Tarekat Kebahagiaan Lewat Rukun Islam

Senin, 17 September 2012 | 04:53 WIB

Judul : Berjalan Menuju Langit 
Penulis : Prof Dr Ahmad Tafsir
Penerbit : Simbiosa Rekatama Media
Halaman : 104 halaman
Tahun terbit : 1, Juli 2012
ISBN : 978-979-3782-86-7
Peresensi: Khotibul Umam<>

Sudahkah anda bahagia? Apakah mempunyai banyak harta, mobil mewah, rumah megah, dan hotel berbintang bisa menjamin seseorang hidup tenang dan bahagia? Tergantung. Jika orang itu mampu mampu mengendalikan hatinya agar tidak tergantung pada materi keduniaan, maka ia akan bisa bahagia. Jika sebaliknya, jiwa selalu terasa tidak tenang. Harta menjadi hantu yang membuntuti pikiran dimanapun orang itu berada.

Tidak cuma itu. Baik dan buruknya peringai seseorang juga sangat menentukan ketentraman hidup. Memang tidak mudah menjadi orang baik; tidak mudah menjadi orang sabar, pemurah, jujur dan penuh disiplin. Namun, jika sungguh-sungguh menginginkan jalan yang benar, pilihlah jalan yang dapat menuntun ke arah kehidupan yang lebih baik. Kuncinya ada pada pengendalian diri.

Buku “Berjalan Menuju Langit: Rukun Islam Sebagai Tarekat” ini secara sederhana menjelaskan refleksi lima pilar rukun Islam dari agama islam yang berisi tarekat (jalan) penyucian diri. Untuk menjadi orang baik dan bisa hidup bahagia, kita harus melakukan penyucian diri karena orang baik itu didasarkan pada pribadi yang suci.

Tujuan utama penyucian diri agar kita mampu mengendalikan diri. Sedangkan muara akhirnya yaitu agar hidup terasa bahagia. Orang bahagia itu adalah orang yang mampu mengendalikan diri dan itu fondasinya adalah diri yang suci.

Untuk menjadi pribadi yang suci, mula-mula harus ada tekad kuat untuk menjadi orang baik, dengan cara melepaskan diri dari mempertahankan harga diri dan melepaskan diri dari keterikatan materi dunia (uang). Kesukaran hidup hanya berpangkal pada dua hal itu. Esensi harga diri adalah kesombongan. Harga diri membuat orang menjadi gengsi, tidak mau direndahkan. Sedangkan uang esensinya adalah terlihat manakala orang berani melanggar aturan demi uang. Dua hal itu sangat sulit kita jauhi terkecuali jika kita menyucikan diri.
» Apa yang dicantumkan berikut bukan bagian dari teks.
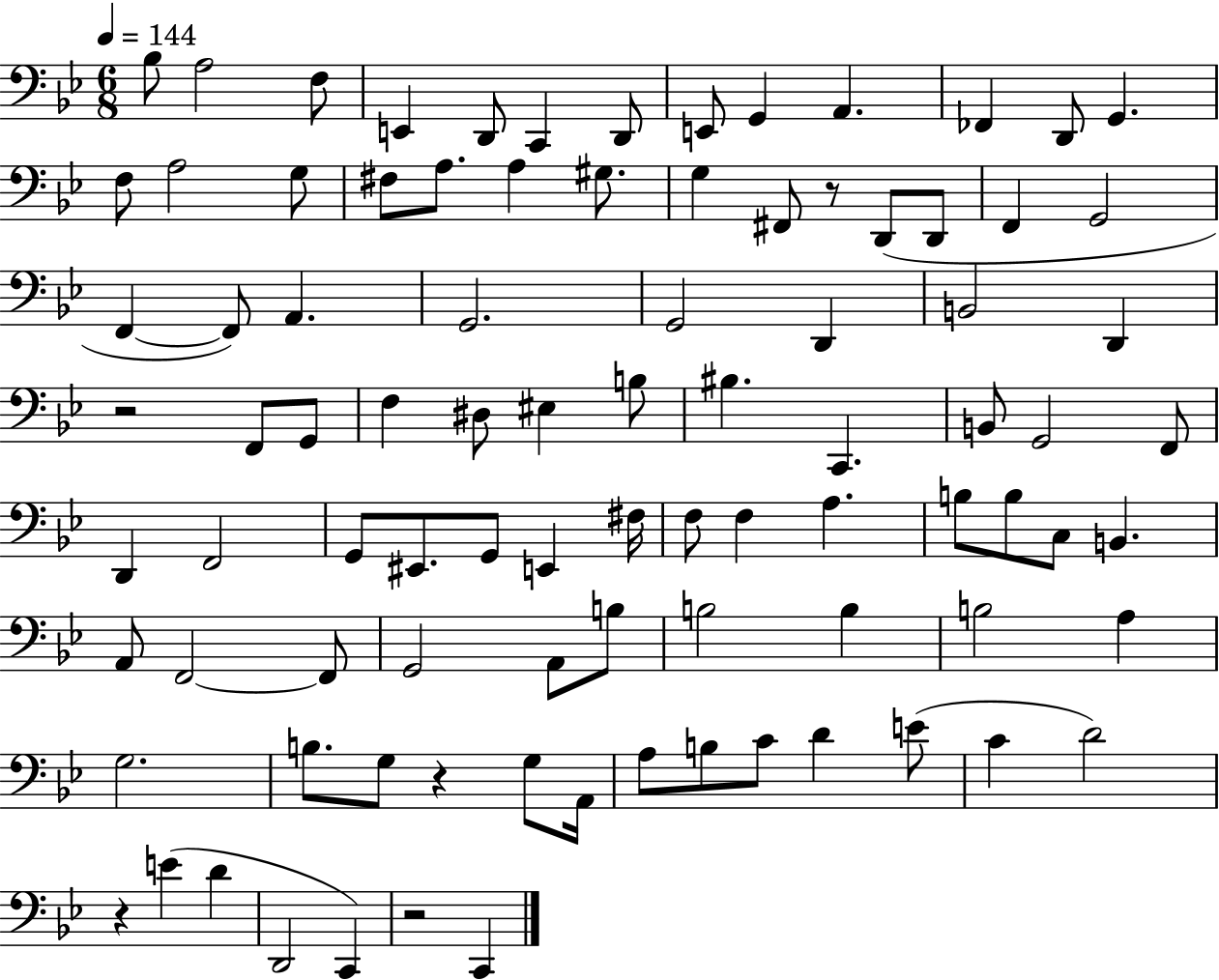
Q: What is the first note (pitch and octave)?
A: Bb3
Tahap pertama dalam perjalanan menuju tuhan adalah tekad yang kuat yang berarti pernyataan iman yang kokoh, dimulai dari menyehatkan hati yang sakit menjadi hati yang sehat (qalbun salim). Tekad tersebut harus ditanam kuat-kuat agar bisa lepas dari keterikatan harga diri dan uang tadi. Tekad ini disimbolkan dengan syahadat dan inilah maqam pertama (hal 28).

Harga diri tadi sebenarnya adalah disebabkan oleh sifat sombong atau angkuh. Kesombongan itu bisa dilebur dengan mendirikan shalat dengan benar.  Jika sudah demikian, seseorang tidak akan merasa dihina oleh orang lain, ia hanya merasa hina jika melanggar aturan Tuhan. Walhasil, dihina dan dipuji orang rasanya sama. Inilah maqam kedua (hal 31).

Lalu untuk menghapus sifat angkuh dalam diri, maka seorang muslim dianjurkan untuk berinfaq dan wajib membayar zakat. Terdapat tingkatan dalam memberi, mulai dari memberi dengan terpaksa, dengan riya’ akhirnya dengan senang hati. Jika sudah demikian, seseorang diharapkan mampu mencapai derajat tertinggi dari berinfaq dan zakat itu. Inilah maqam ketiga.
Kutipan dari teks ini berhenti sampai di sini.